[GIVEN RECORDS — start]

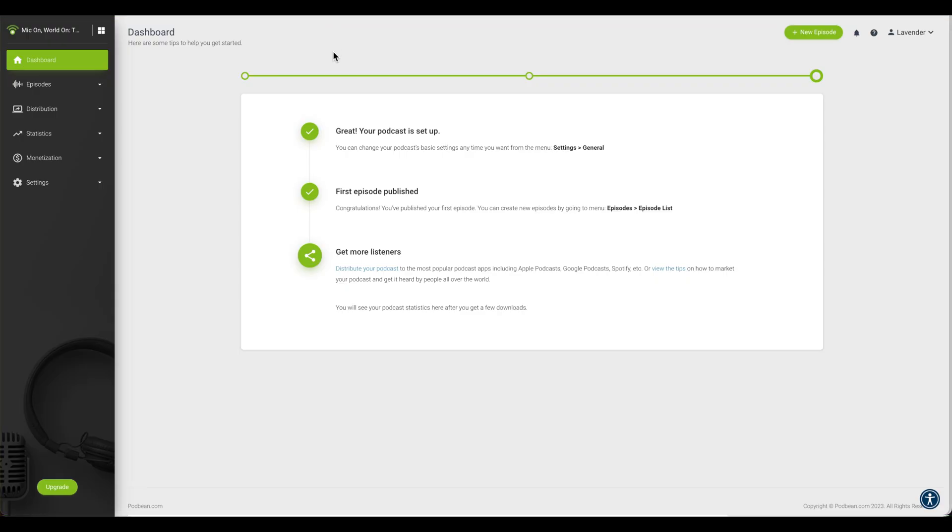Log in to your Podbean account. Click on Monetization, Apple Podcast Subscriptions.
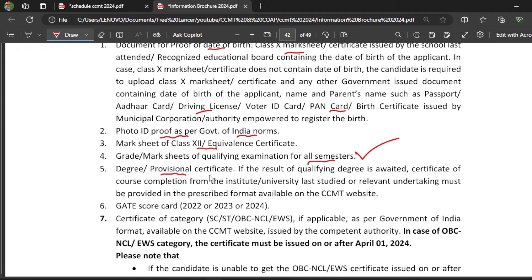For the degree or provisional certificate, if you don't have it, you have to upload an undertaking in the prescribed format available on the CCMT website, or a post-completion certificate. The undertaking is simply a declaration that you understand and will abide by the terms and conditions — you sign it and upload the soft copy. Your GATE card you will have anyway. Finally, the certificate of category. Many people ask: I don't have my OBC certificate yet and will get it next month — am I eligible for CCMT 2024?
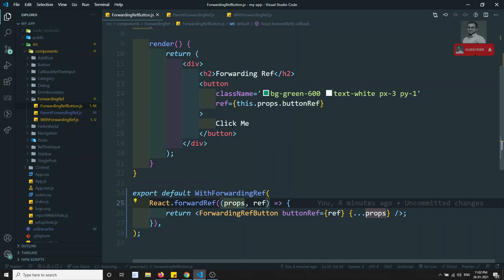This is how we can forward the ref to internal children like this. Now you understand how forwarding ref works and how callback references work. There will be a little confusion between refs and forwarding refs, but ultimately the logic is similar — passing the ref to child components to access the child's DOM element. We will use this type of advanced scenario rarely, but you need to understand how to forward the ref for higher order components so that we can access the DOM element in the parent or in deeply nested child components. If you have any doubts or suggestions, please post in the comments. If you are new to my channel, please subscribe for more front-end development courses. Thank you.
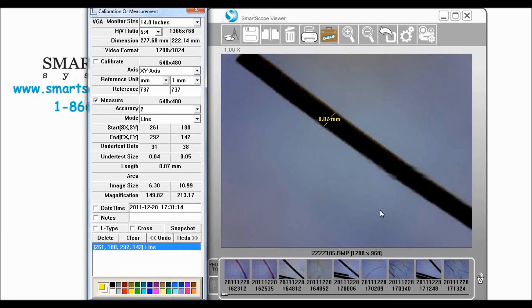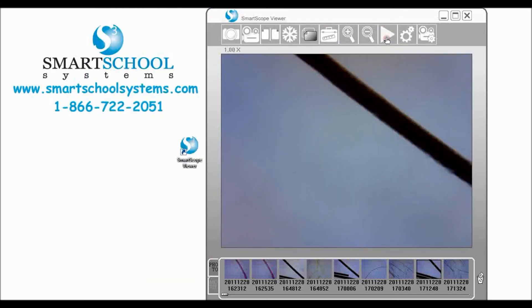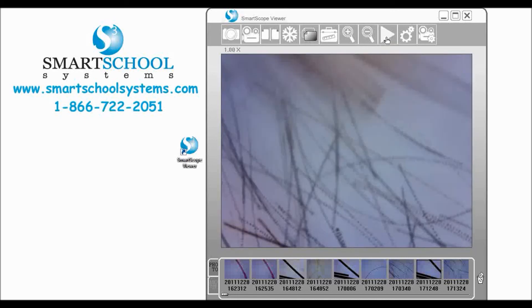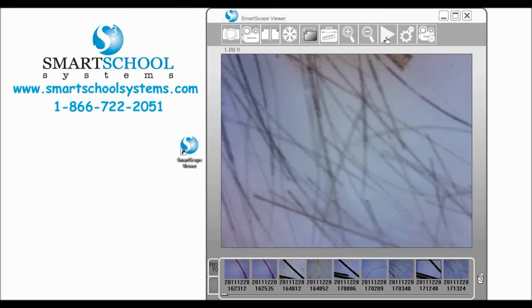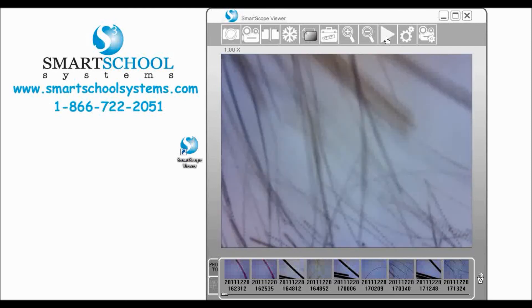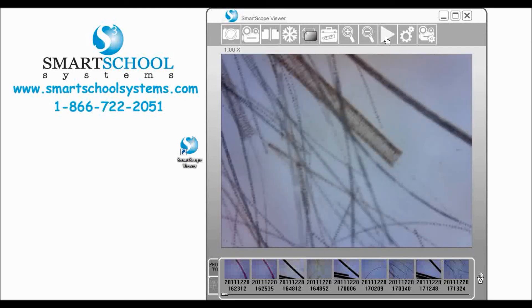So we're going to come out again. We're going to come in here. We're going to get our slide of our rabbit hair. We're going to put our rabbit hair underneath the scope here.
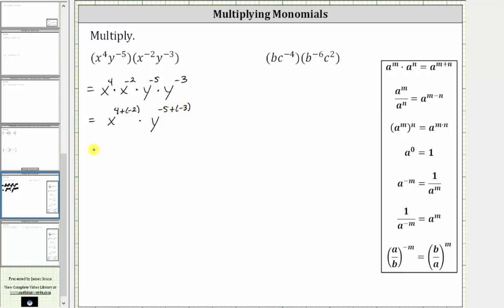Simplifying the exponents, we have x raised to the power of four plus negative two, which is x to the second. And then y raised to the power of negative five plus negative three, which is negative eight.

[GIVEN RECORDS — finish]
[GIVEN RECORDS — start]

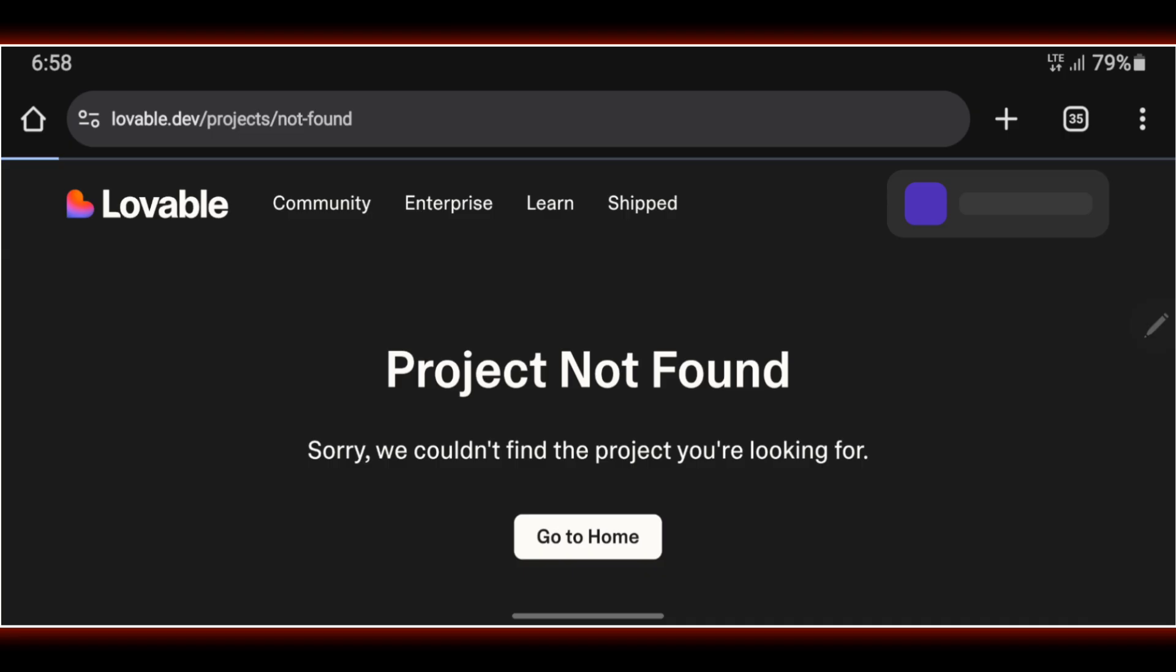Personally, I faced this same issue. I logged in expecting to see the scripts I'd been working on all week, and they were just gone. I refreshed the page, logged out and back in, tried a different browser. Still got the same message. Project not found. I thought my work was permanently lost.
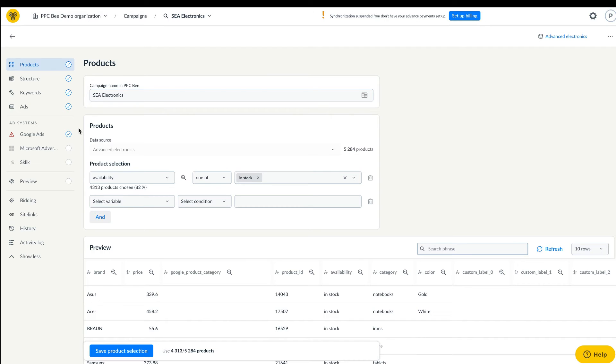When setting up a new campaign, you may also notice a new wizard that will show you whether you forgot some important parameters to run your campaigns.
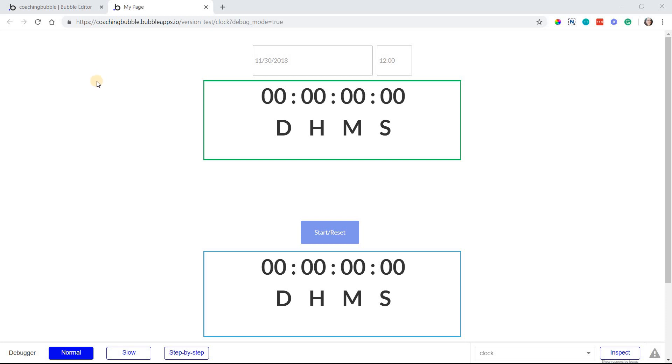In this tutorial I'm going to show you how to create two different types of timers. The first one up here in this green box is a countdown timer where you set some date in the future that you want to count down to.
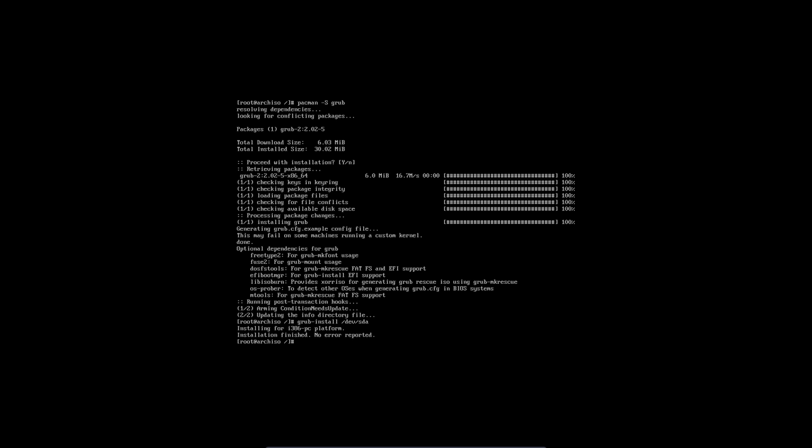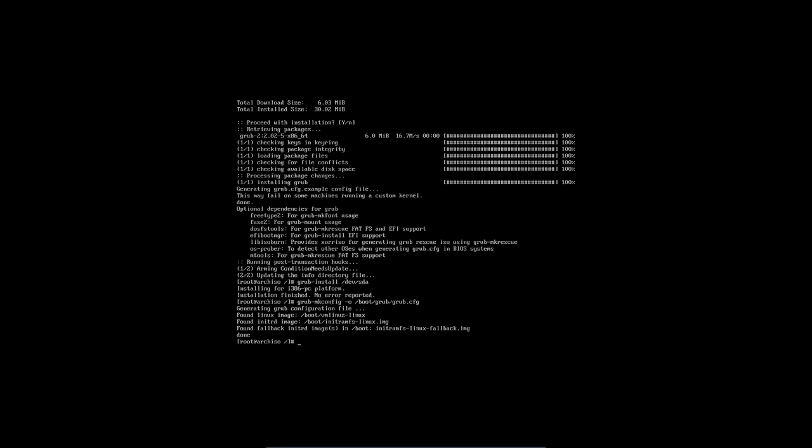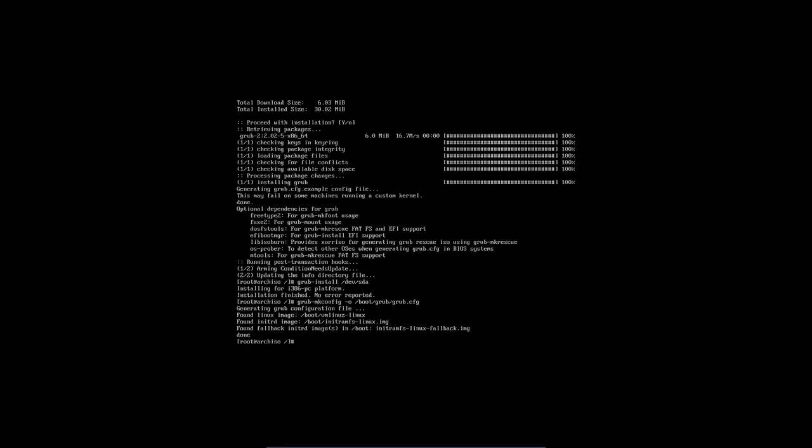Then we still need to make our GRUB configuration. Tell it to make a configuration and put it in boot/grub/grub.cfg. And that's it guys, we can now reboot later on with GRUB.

[GIVEN RECORDS — finish]

- **INSTRUCTIONS TO FOLLOW**
Nothing but the lines above from the one that has "In this tutorial" down to the one that has "Then we still" belongs in the answer, copied exactly, without pictures.

- **ANSWER FOR THE TASK**
In this tutorial I'm going to show you how to create two different types of timers. The first one up here in this green box is a countdown timer where you set some date in the future that you want to count down to.
Then we still need to make our GRUB configuration. Tell it to make a configuration and put it in boot/grub/grub.cfg. And that's it guys, we can now reboot later on with GRUB.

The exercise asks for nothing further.